Updated

Texas voters Tuesday overwhelming approved a constitutional ban on same-sex marriage, making their state the 19th to take that step. In Maine, however, a proposal to repeal a new gay-rights law was trailing in early returns.

In California, voters had a chance to embolden or embarrass Gov. Arnold Schwarzenegger as they considered four measures he promoted as part of a power struggle with legislators and public-employee unions.

The contest in Texas was decided quickly — the ban was receiving more than 74 percent of the votes in early returns. Like every other state except Massachusetts, Texas didn't permit same-sex marriages previously, but the constitutional amendment was touted as an extra guard against future court rulings.

The campaign had been enlivened over the past week because of a controversial tactic by the amendment's opponents, who argued in recorded phone calls to voters that the measure is so poorly worded that it could jeopardize traditional man-woman marriages. Amendment supporters denounced the effort as misleading.

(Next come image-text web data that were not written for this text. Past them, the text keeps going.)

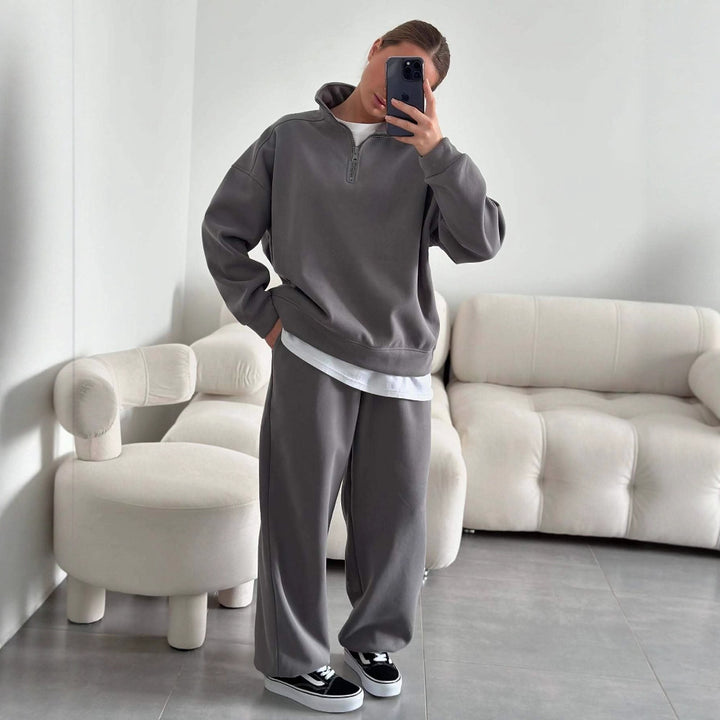 Kvinnors bekväma fleece zip hoodie med en avslappnad passform och vida ärmar-Eva Jonsson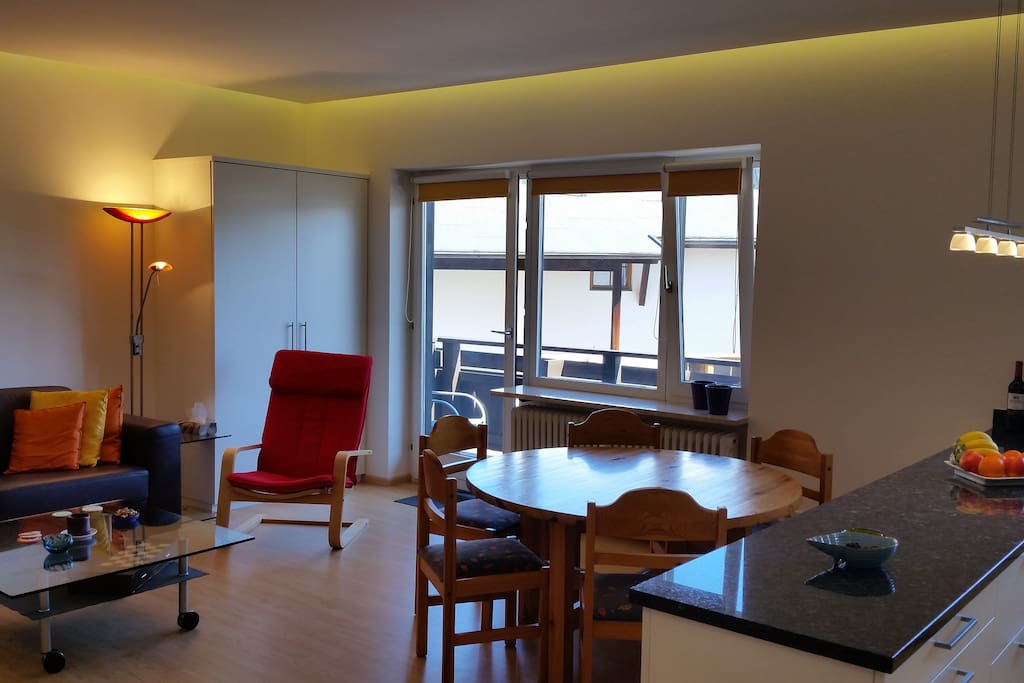 Bright living & dining room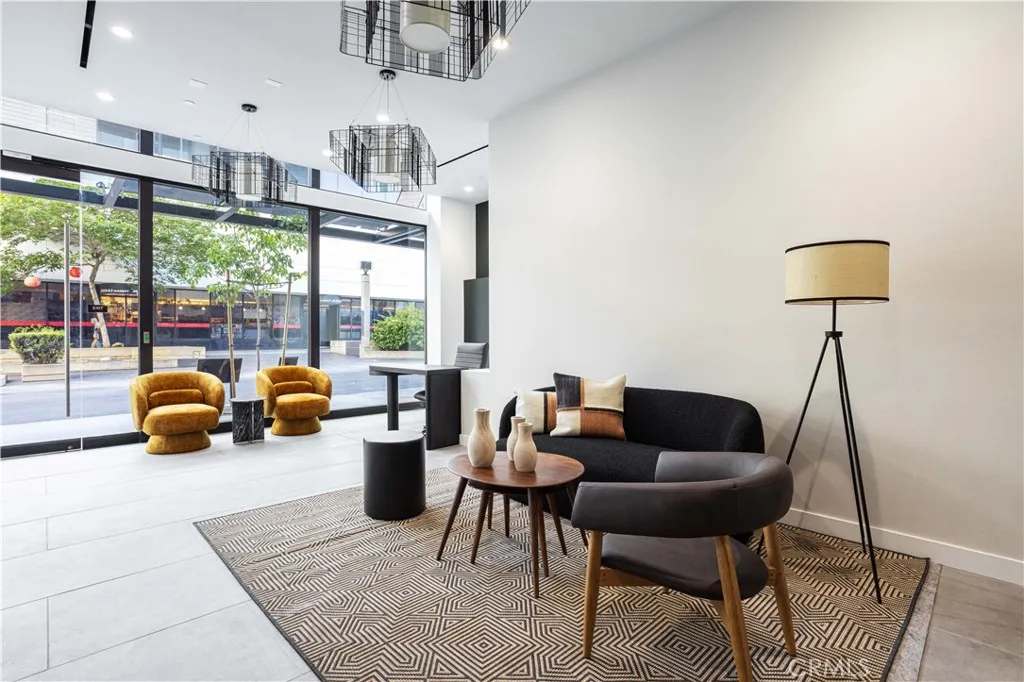 Additional image 19 of 118 Astronaut Ellison S Onizuka Street Unit 201, Los Angeles, CA 90012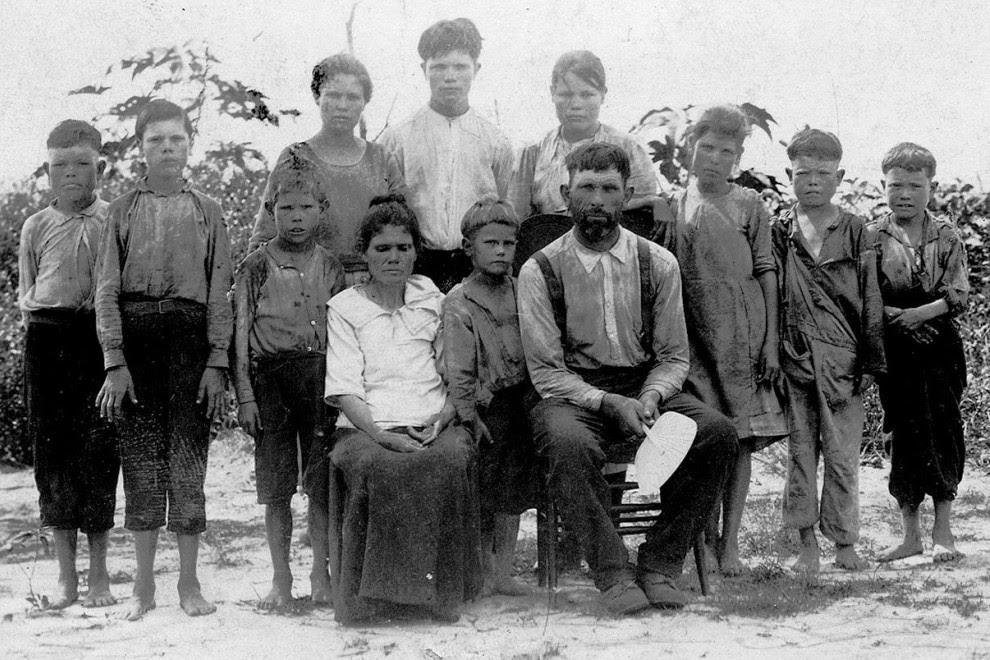 Una familia blanca de Alabama presentada en 1913 como "celebridades" porque habían escapado de los efectos debilitantes de la anquilostomiasis, endémica entre los blancos pobres del sur debido a las malas condiciones sanitarias y al fenómeno de "comer arc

In Maine, early returns indicated voters were spurning a measure placed on the ballot by a church-backed conservative coalition that would repeal a gay-rights law approved by lawmakers earlier this year. The lawmakers expanded the state's human rights act to outlaw discrimination based on sexual orientation, a step already taken by the five other New England states.

With about 12 percent of the precincts reporting, 57 percent of the voters were voting against the repeal effort.